About this task –
Reproduce without any pictures the lines from the one that contains "Orange and lemon plantations" through the end of the records, exactly as written.

(Captioned web image data)
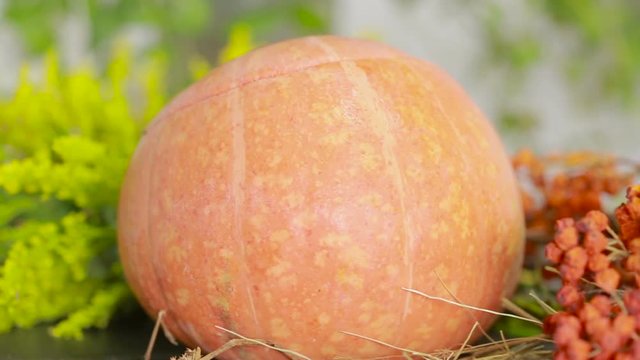 composition of pumpkins and autumn flowers and berries. Thanksgiving and helluin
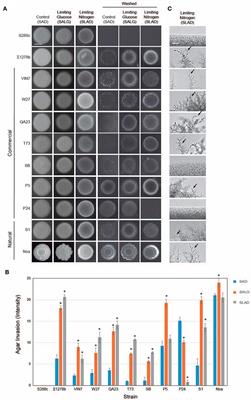 Role of Mitochondrial Retrograde Pathway in Regulating Ethanol-Inducible Filamentous Growth in Yeast
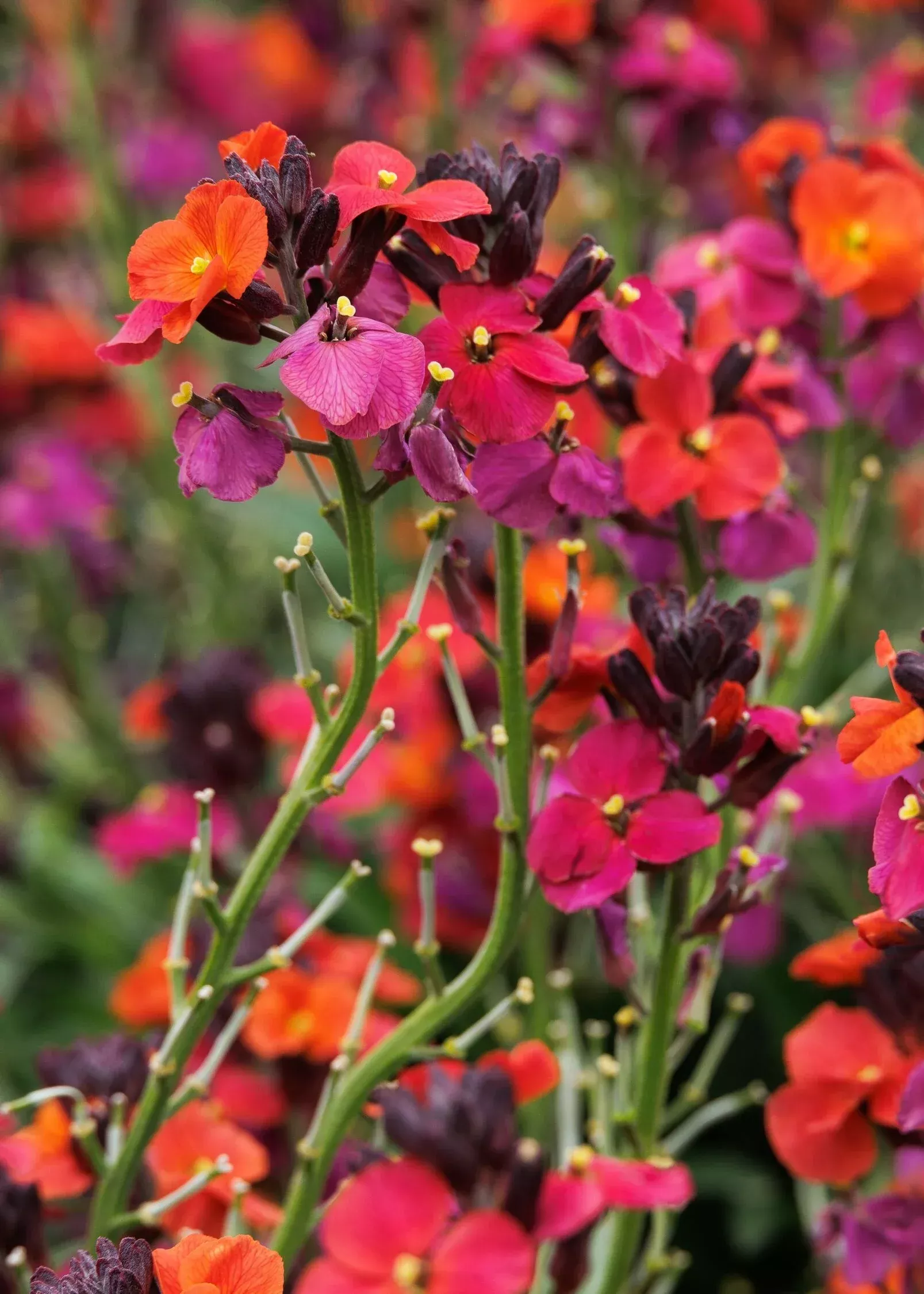 WALLFLOWER ERYSIMUM MAGENTA 1gal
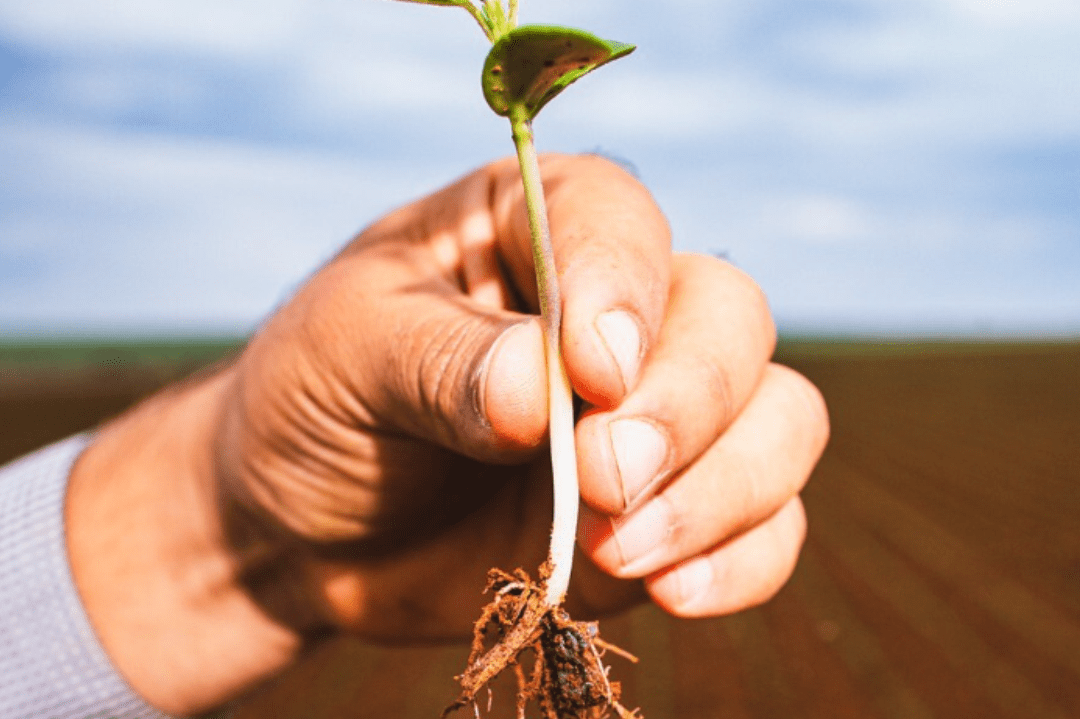 Brazil defines guidelines for certifying low-carbon soybean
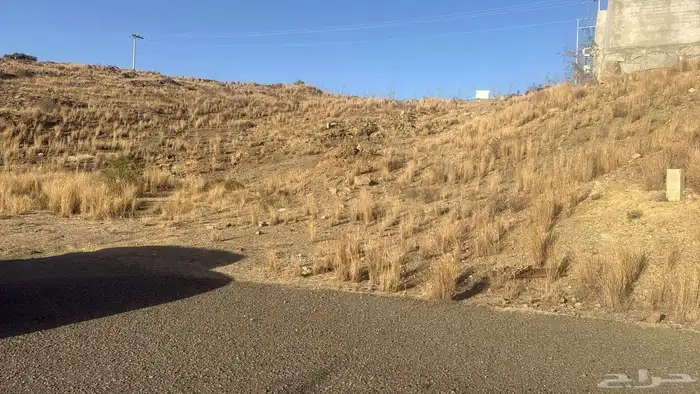 أرض للبيع بمخطط العبادل والدهامشة ببني كبير ببلجرشي 1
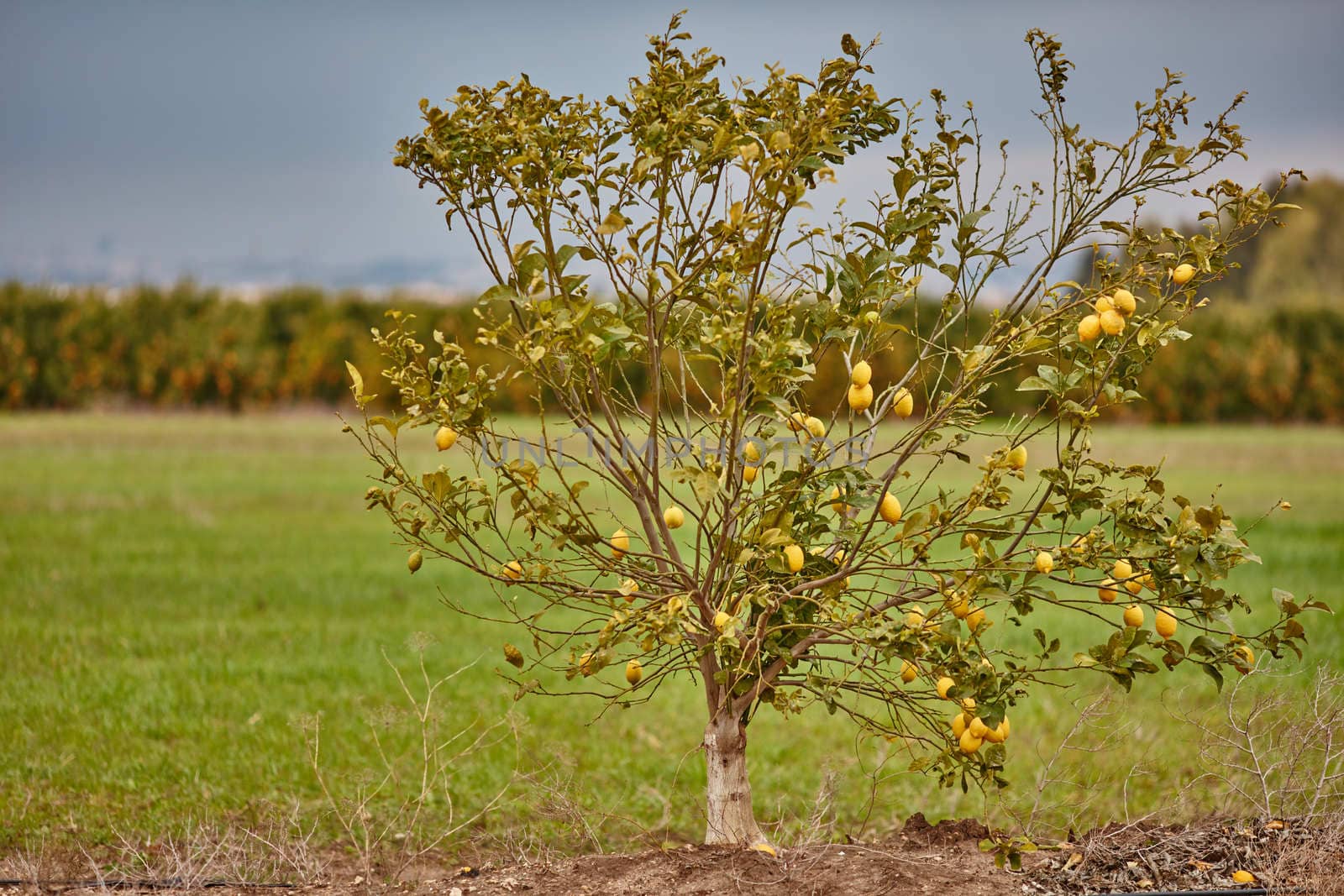 Orange and lemon plantations 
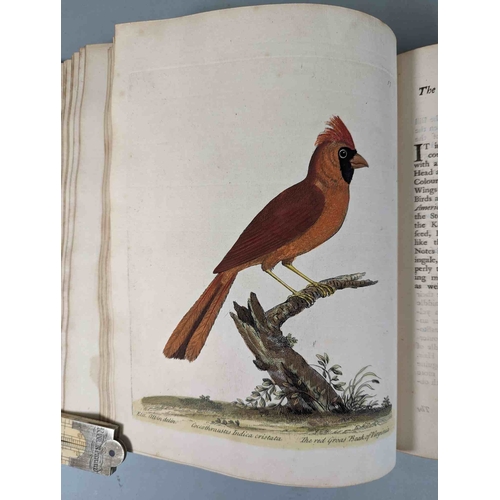 266 - ALBIN, Eleazar. A Natural History of Birds, to which are added, Notes and Observations by W. Derham,...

Expected output –
 Orange and lemon plantations 
 266 - ALBIN, Eleazar. A Natural History of Birds, to which are added, Notes and Observations by W. Derham,...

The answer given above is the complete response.